#### [Supplied entries]
+++
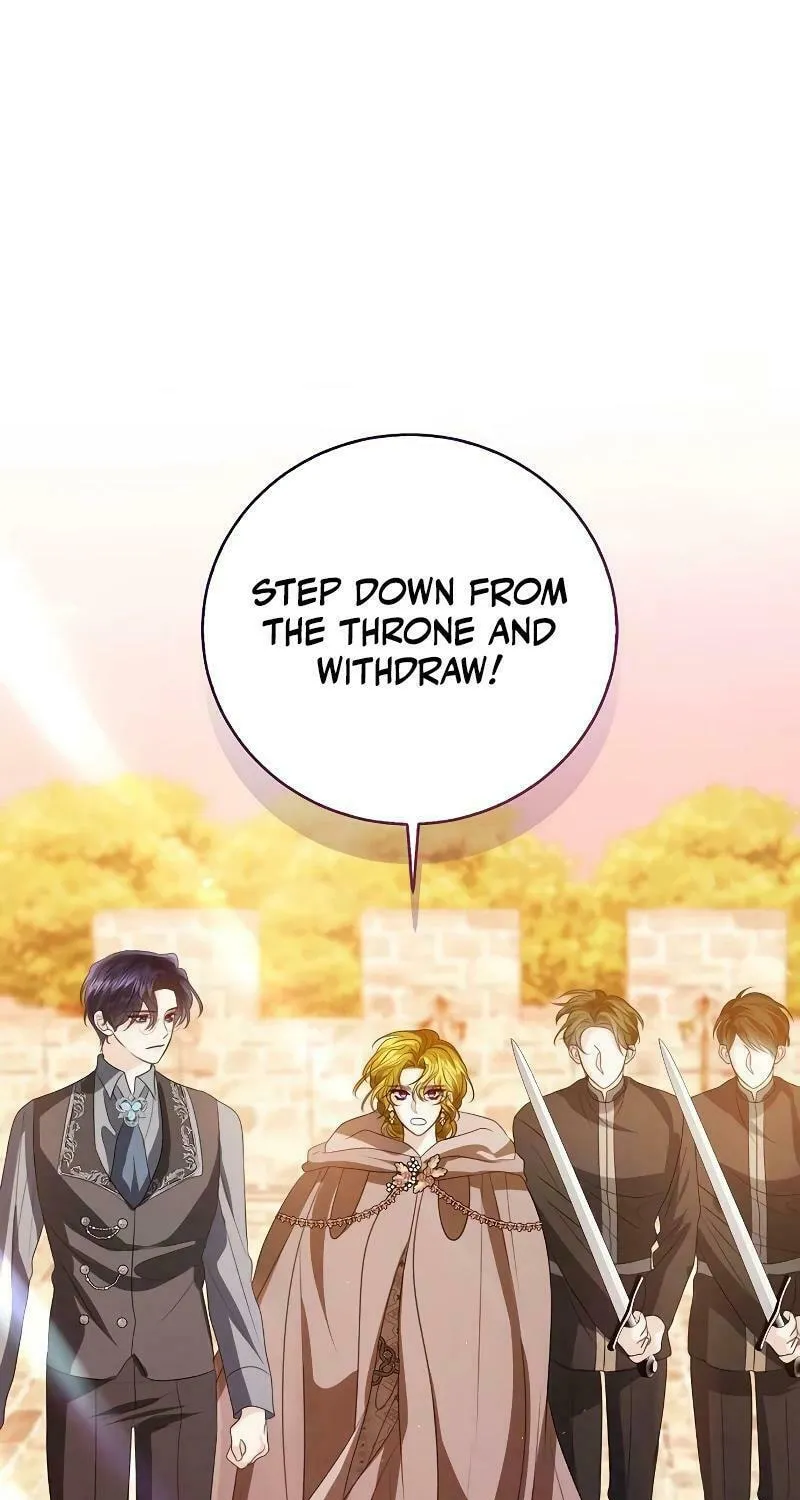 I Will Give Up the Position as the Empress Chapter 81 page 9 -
+++
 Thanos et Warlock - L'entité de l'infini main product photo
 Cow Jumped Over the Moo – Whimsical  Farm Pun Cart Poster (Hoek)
+++
#### [What to do]
Only the lines above from the line containing "Thanos et Warlock" through the line containing "Cow Jumped Over" should be retyped, exactly and with both ends included.

#### [Problem solution]
 Thanos et Warlock - L'entité de l'infini main product photo
 Cow Jumped Over the Moo – Whimsical  Farm Pun Cart Poster (Hoek)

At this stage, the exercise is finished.